The March for Life, a national anti-abortion organization, staged a rally for the first time in Connecticut in March as the U.S. Supreme Court weighed reversing Roe. Yehyun Kim / ctmirror.org

The recent article in the Mirror on April 13 about a new Connecticut super PAC called Parents Against Stupid Stuff funded largely by a Catholic philanthropist describes an example of culture war advocacy in politics. Another example is the Family Institute of Connecticut.

Conservative Catholics have a point on the signature issue of abortion. If you believe as the church teaches that abortion is the taking of a life, it is hard to argue that homicide is something one has a “right to choose.” Pro-choice messaging has led liberals and politicians into a trap.

The real issue is not abortion per se but the more fundamental question of when life begins. Does it begin at conception or some later time?

As to life beginning at conception, Catholic teaching throughout history has been less consistent than currently appears.

Some of the church’s greatest theologians (e.g.: Saints Jerome, Augustine, Thomas Acquinas) believed that life began not at conception but at a later time variously referred to as animation, quickening, hominization, or ensoulment. But for a three year period from 1588 to 1591 under the encyclical Effraenatam issued by a Pope concerned about prostitution in Rome and quickly repealed by his successor, the law of the church did not consider the taking of an unanimated fetus to warrant the most severe of sanctions. This changed in 1869 under the reign of Pope Pius IX.

What happened in 1869 and why?

On October 12, 1869, Pius IX issued Apostolicae Sedis Moderationi – a declaration of penal procedure which among other things imposed the most severe penalty for all abortions. This action has been regarded as eliminating the distinction between animated and unanimated fetuses, removing ambiguity about the sanction for abortion, and effectively decreeing that life begins at conception. This doctrine endures today.

Not a lot is known (at least to this writer) about the details of Pius IX’s reasoning. A scholar at Notre Dame University has suggested that the Pope was responding to evolving theology. An Irish newspaper article suggested that he was harmonizing the doctrine with his earlier proclamation of Immaculate Conception (i.e.: that Mary was free of original sin from the moment of conception). According to a research project at Arizona State University (The Embryo Project), the Pope thought that because of the possibility that life began at conception, it was morally safer to pick the earlier date. Perhaps scholars more qualified than this author can shed more light on this issue. Whatever the reason, the rule arose out of a papal preference for a conservative view of the beginning of life.
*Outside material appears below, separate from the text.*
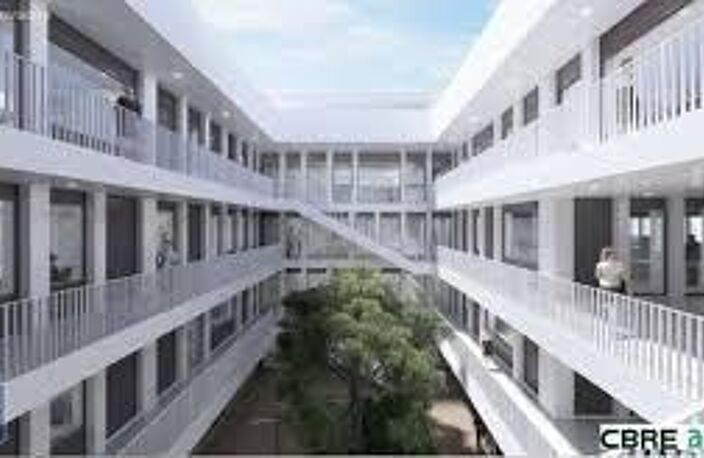 Location bureau 1 pièce 106 m² à Challes-les-Eaux (73190) — photo 4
Why of all times but for three years in over the entire church history was this the moment to make such a decision?

The Papacy of Pius IX occurred during tumultuous times. Europe was experiencing a rise in nationalism and democracy and the drive for Italian unification known as the Risorgiamento. For almost a thousand years, the popes ruled over much of central and northern Italy (the Papal States).

Italian nationalists had been chipping away for years but by mid-century, Pius IX still reigned as a secular king. He had his own army and the government was run by the clergy. But his subjects were restive and the pressure on him by nationalists such as Victor Emmanuelle, Mazzini, and Garibaldi was becoming intense. In 1848 the Pope was forced to flee under fire from Rome to Gaeta (near Naples) and returned only with the protection of the French Army. In 1867, Garibaldi came close to taking Rome but was wounded at the Battle of Mentana. In 1870, the forces of the Risorgiamento entered Rome and deprived Pius IX of his temporal kingdom and he confined himself to the Vatican where he considered himself a prisoner.
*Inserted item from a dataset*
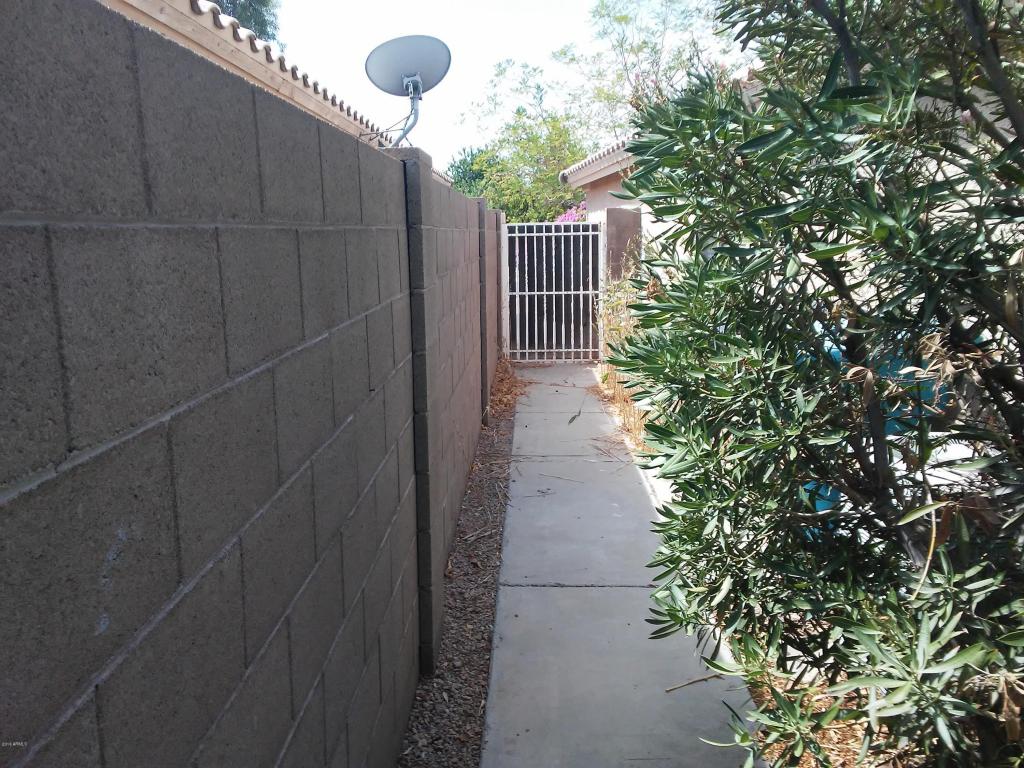 514 E Redondo Dr, Gilbert, AZ 85296 photo 2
Pius IX began as a liberal but ended as a conservative. He considered his temporal rule to be ordained by God. He became increasingly strident in denouncing the forces of modernism and secularism. He called the Vatican I Council for this purpose. He defended the infamous 1858 kidnapping of Edgardo Mortara – a Jewish child who had been secretly baptized. The Church was reorganized to emphasize papal supremacy (a process called ultramontanism). He proclaimed papal infallibility. On March 26, 1869, he excommunicated some of his territory grabbing adversaries including King Victor Emmanuelle. He condemned freedom of religion, separation of church and state, and progress, liberalism, and modern civilization. He had become bitter at the revolutionary forces surrounding him.

Given this background, it seems reasonable to question whether the papal decision about abortion in 1869 (as in 1588) was influenced more by Italian politics and culture than by faith and morals or divine revelation.

This historical oddity may shed some light on why abortion is controversial even among some Catholics.

What about the large percentage of American Catholics who ignore the teaching of their church or the relative legality of abortion in most of the Catholic countries of Europe (Italy, Ireland, Spain, Austria, France)? Is the teaching of the church for the past 153 years entitled to that much more moral or penal authority than its teaching for most of its 2,000- year-old previous history? Is the credibility of the church affected by its sex abuse scandals? Will the Supreme Court majority (all Catholics) be guided by religion? Will 21st Century America be unwittingly guided by an Italian Pope from his grave?

Frank Hanley Santoro of Deep River is a retired attorney and a product of 19 years of education at Catholic institutions.